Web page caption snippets

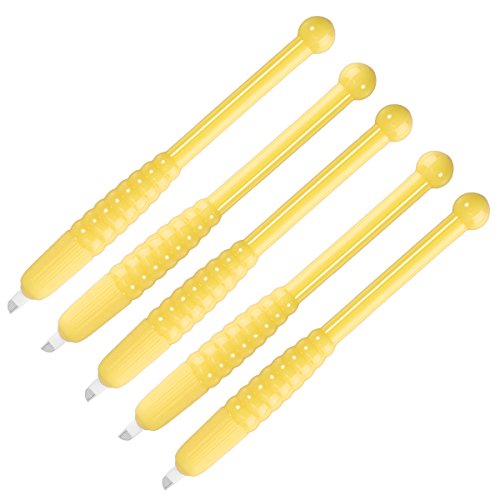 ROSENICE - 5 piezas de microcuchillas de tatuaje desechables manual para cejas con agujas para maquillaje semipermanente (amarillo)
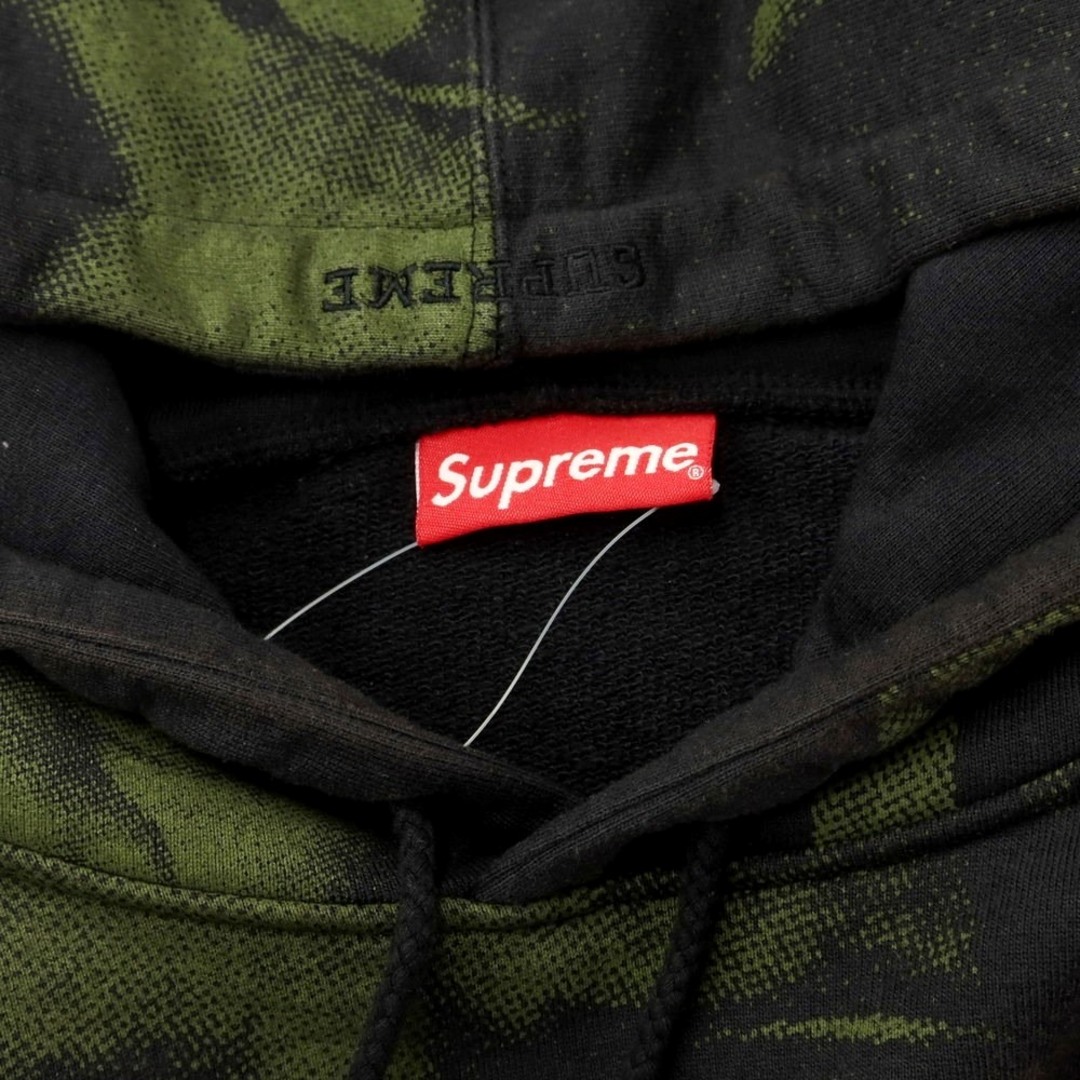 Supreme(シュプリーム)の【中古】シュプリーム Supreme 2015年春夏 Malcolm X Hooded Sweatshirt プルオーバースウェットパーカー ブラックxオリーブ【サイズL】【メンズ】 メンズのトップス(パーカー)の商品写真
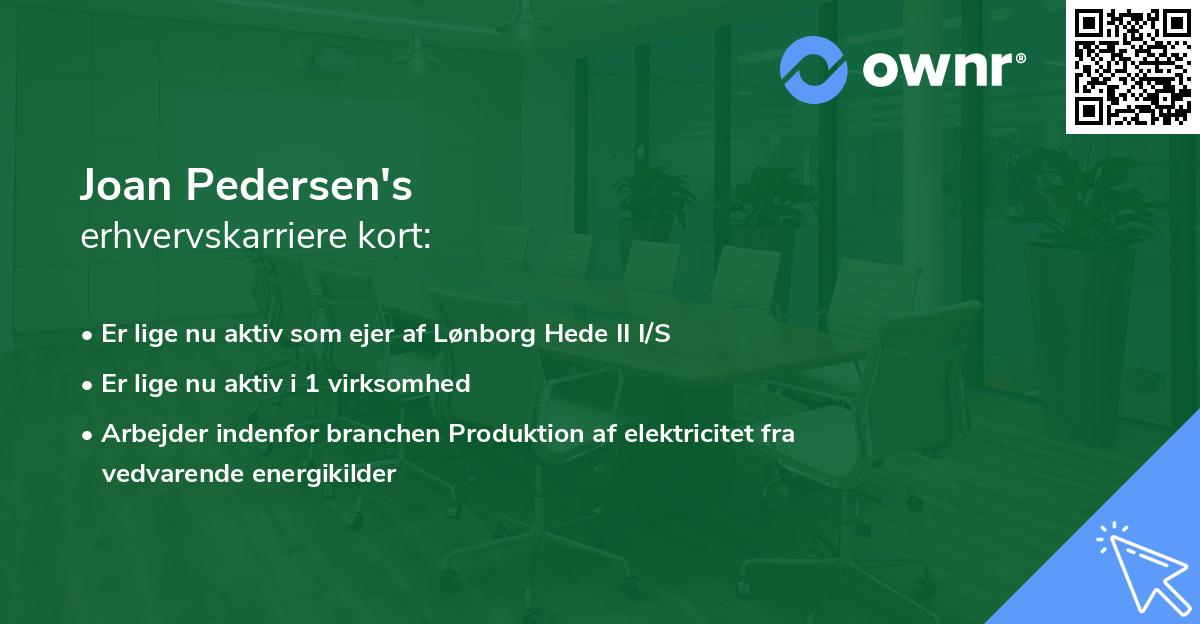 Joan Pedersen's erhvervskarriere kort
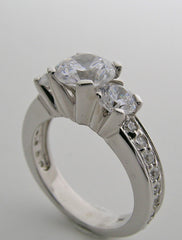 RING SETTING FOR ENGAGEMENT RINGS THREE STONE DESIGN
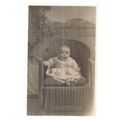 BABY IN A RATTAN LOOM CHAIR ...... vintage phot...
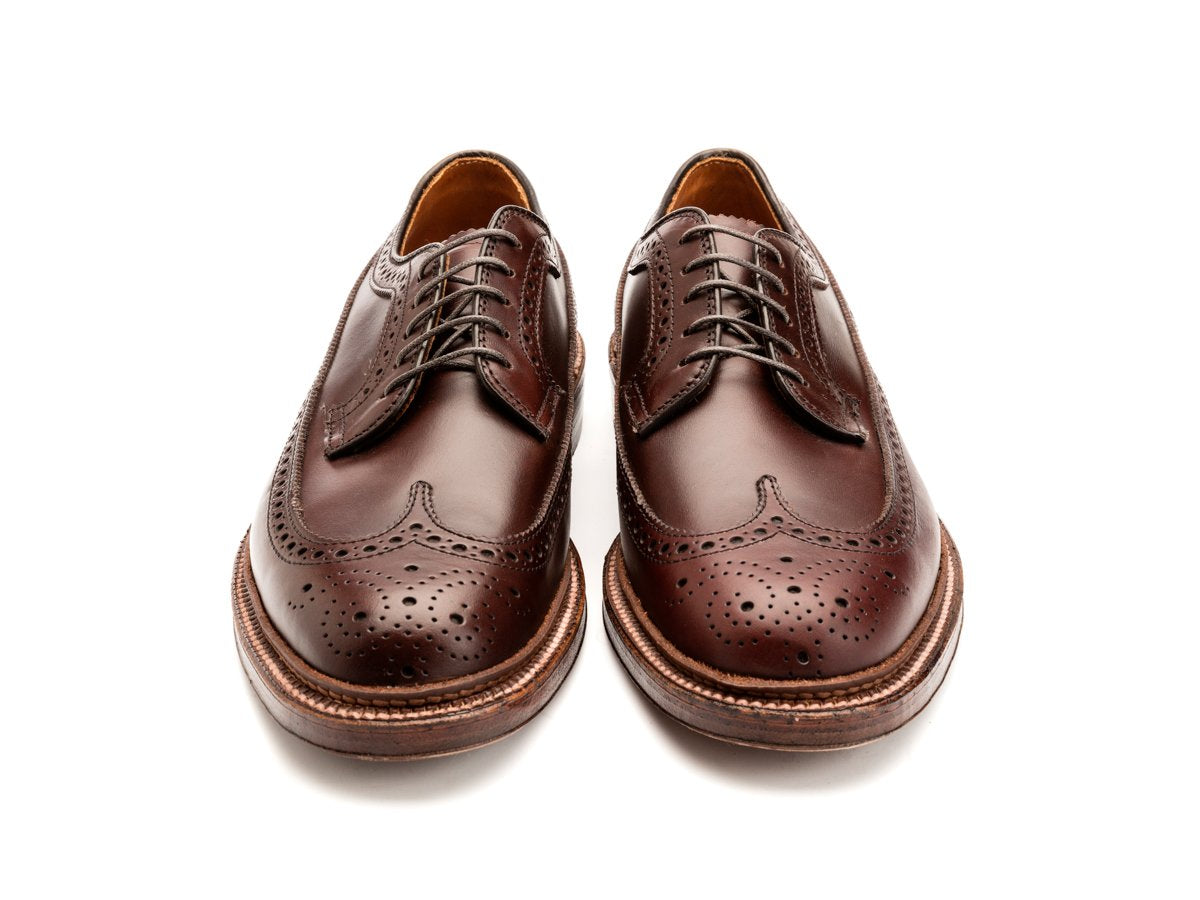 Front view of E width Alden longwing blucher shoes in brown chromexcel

Assigned task: There should be an exact restatement of the lines from the line with "Supreme(シュプリーム)の【中古】シュプリーム Supreme 2015年春夏" through the last line of the entries above, and no pictures in it.

Reply:
 Supreme(シュプリーム)の【中古】シュプリーム Supreme 2015年春夏 Malcolm X Hooded Sweatshirt プルオーバースウェットパーカー ブラックxオリーブ【サイズL】【メンズ】 メンズのトップス(パーカー)の商品写真
 Joan Pedersen's erhvervskarriere kort
 RING SETTING FOR ENGAGEMENT RINGS THREE STONE DESIGN
 BABY IN A RATTAN LOOM CHAIR ...... vintage phot...
 Front view of E width Alden longwing blucher shoes in brown chromexcel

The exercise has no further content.